Severity of illness and reasons for admission varied noticeably between weekends and weekdays. Median (IQR) SAPS 3 was 44 (34–56); the lowest values were found from Tuesday to Thursday (42 (33–54)), and the highest on Saturday and Sunday (48 (37–61)). Overall, the documented type of admission to the ICU was “medical” in 36.6% of patients and “scheduled surgery” in 32.6%. On Saturdays and Sundays, however, 50.3% and 51.7% of patients were documented as a “medical” type of admission, respectively. Conversely, “scheduled surgery” was recorded as the type of admission in only 10.0% and 9.9% of patients on Saturdays and Sundays, respectively.

A total of 13,887 (9.2%) patients died in the ICU, and 137,381 (90.8%) were discharged. Overall, 20,537 (13.7%) hospital deaths and 129,147 hospital discharges were observed. Both unadjusted hospital and ICU mortality differed between weekdays and weekends. Eight per cent of patients admitted on a Wednesday died in the ICU, while 13.1% of patients admitted on Saturdays and 13.4% of patients admitted on Sundays died in the ICU. A total 12.4% of patients admitted to the ICU on Wednesday died in hospital; 18.5% of patients admitted to the ICU on Saturdays and 19.4% of patients admitted on Sundays died during their hospital stay. The observed-to-expected (O/E, (95% CI)) ratio for hospital mortality was 0.71 (0.69–0.73) on Wednesdays compared with 0.78 (0.75–0.80) on Saturdays and 0.79 (0.77–0.82) on Sundays. Table 1 presents detailed patient demographics and outcome data. Additional file 1: Table S2 describes reasons for admission in depth.

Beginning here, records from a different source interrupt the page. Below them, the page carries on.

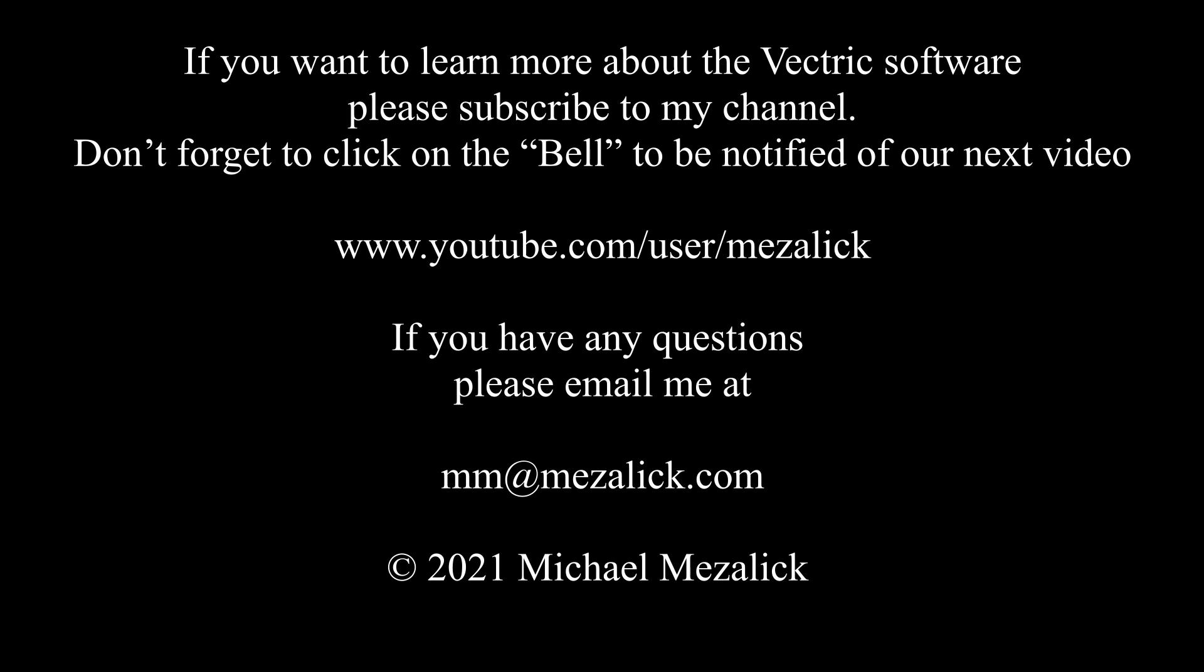If you'd like to learn more about the software, subscribe to our channel. And don't forget to click on the bell to be reminded of our new videos. And of course, as always, if you need help, send me an email. I'll be glad to help. Thanks for watching. See you next time.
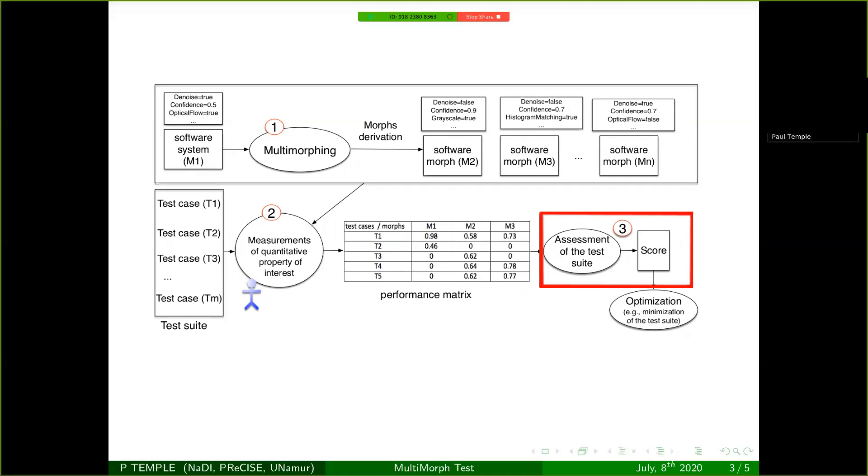In the paper, we spent quite some effort to define what a good score candidate could be with the different properties that are suitable for this task. And we also propose a score that we have called the dispersion score to evaluate the ability of a test case to reveal the different behavior of the morphs.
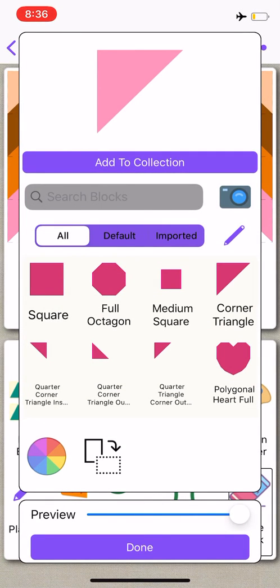If you would like to have different shapes added to your collection, you can do that now. I have all the shapes and colors that I need, so I'm going to select done.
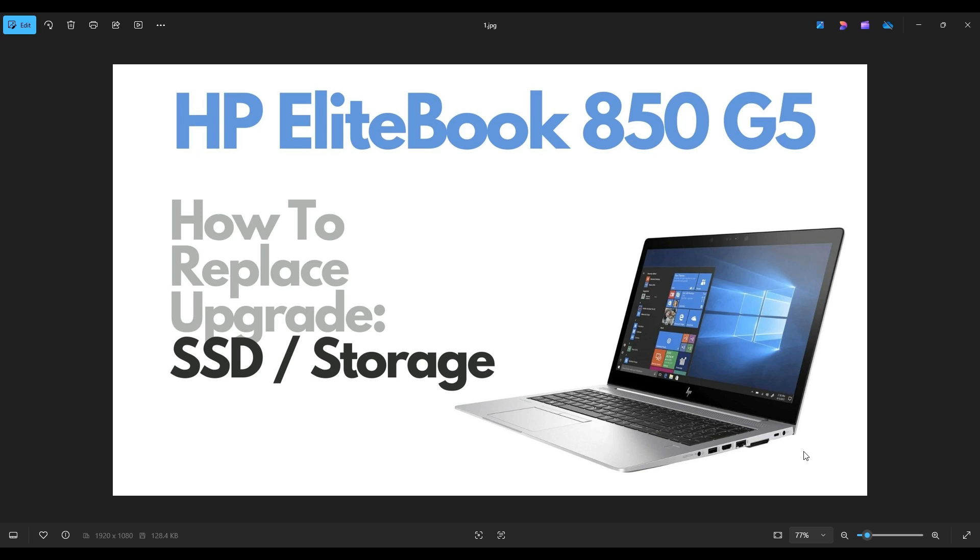Hello everyone, my name is Jamin. Thanks so much for visiting my channel. In this video I have an HP EliteBook 850 G5. I'm going to show you how to get inside and access your storage.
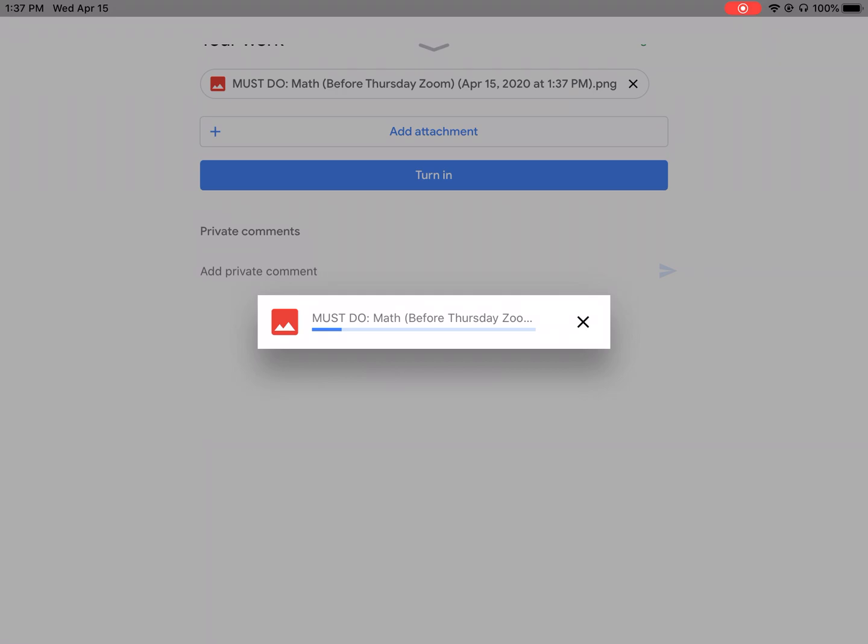All you do is hit turn in and now your teacher has seen your work. So hopefully that's helpful.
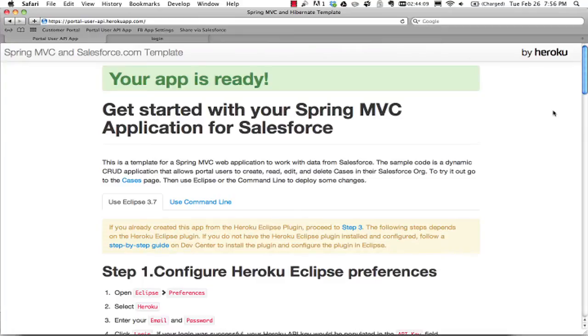I'm Pat Pedersen, a Salesforce Platform Developer Evangelist. This short video shows how applications can now use OAuth2 to authenticate portal users.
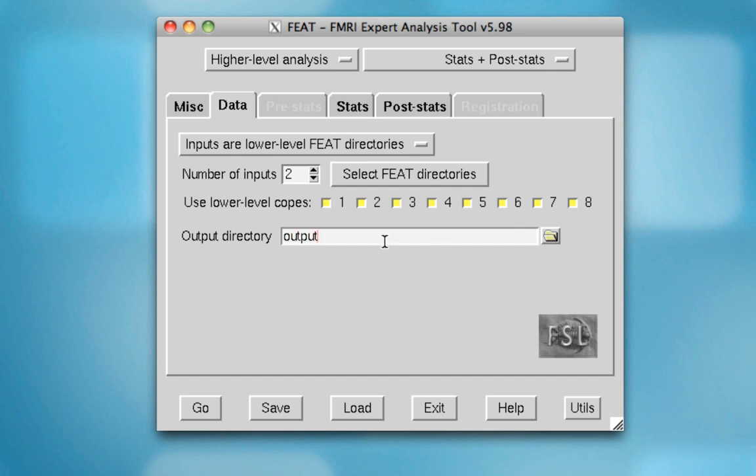And for the output directory, I'm going to select output subject underscore 0 1. This will output a directory called output underscore subject underscore 0 1 dot gfeet, which stands for group feed analysis.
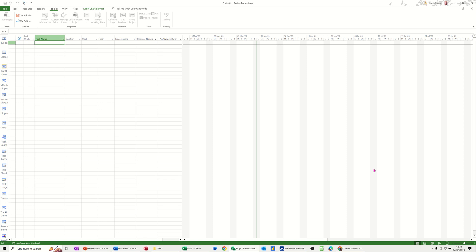Hi guys, welcome to this session on Microsoft Project. In this module, I want to show you how the earned value table can work for you and help you manage your project. So first of all, I'm going to create one task with one resource initially on that task.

Patients admitted to the ICU at weekends had higher summative TISS-28 scores than patients admitted during the week, yet there was no discernible difference in these scores between individual days of admission (Table 1). There was significant variation in the frequencies of several key procedures, however, such as placement of peripheral arterial lines and central venous catheters (Additional file 1: Table S3).

Main analysis

Findings from the descriptive analysis regarding mortality were confirmed in multivariable competing risk analysis concerning the outcomes “death in the ICU” and “discharge from the ICU” within 30 days (Fig. 1).
Fig. 1

Adjusted subdistribution HR, 95% CI and p values for ICU mortality and ICU discharge within 30 days (n = 151,268). CI confidence interval, HR hazard ratio, ICU intensive care unit, SAPS Simplified Acute Physiology Score

The weekday of admission exerted a significant influence on the risk of death in the ICU. Adjusted subdistribution HRs (95% CI) for ICU mortality were 1.15 (1.08–1.23) and 1.11 (1.03–1.18), respectively, for patients admitted to an ICU on Saturday or Sunday as compared with Wednesday (Fig. 1). Chance (hazard) of ICU discharge also varied with the day of ICU admission: patients admitted on Fridays had the highest chance of discharge (HR 1.07 (95% CI 1.04–1.09)), whereas adjusted HRs for ICU discharge were significantly lower when admission was on Sunday, Monday, or Tuesday as compared with Wednesday (Fig. 1).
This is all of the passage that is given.